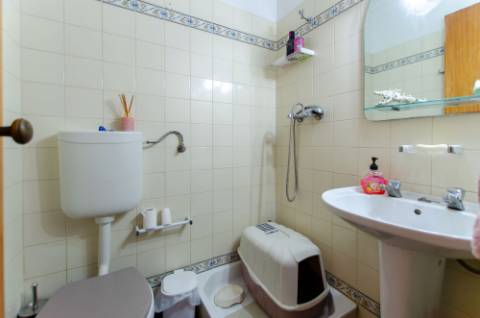 T3 cheio de sol, no Algueirão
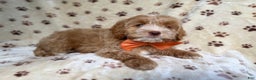 Cockapoo dogs for sale: Breezy - Ad 8
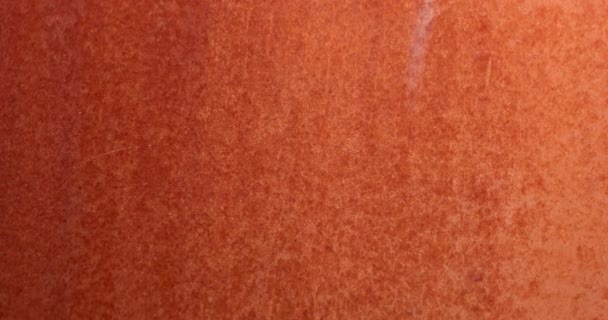 Grungry Rusty Orange Background Surface — Stockvideo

________________

◆ **TASK ITEM**
Please repeat all of the data exactly as it stands, leaving the pictures out.

◆ **ANSWER TO THE PROBLEM**
 T3 cheio de sol, no Algueirão
 Cockapoo dogs for sale: Breezy - Ad 8
 Grungry Rusty Orange Background Surface — Stockvideo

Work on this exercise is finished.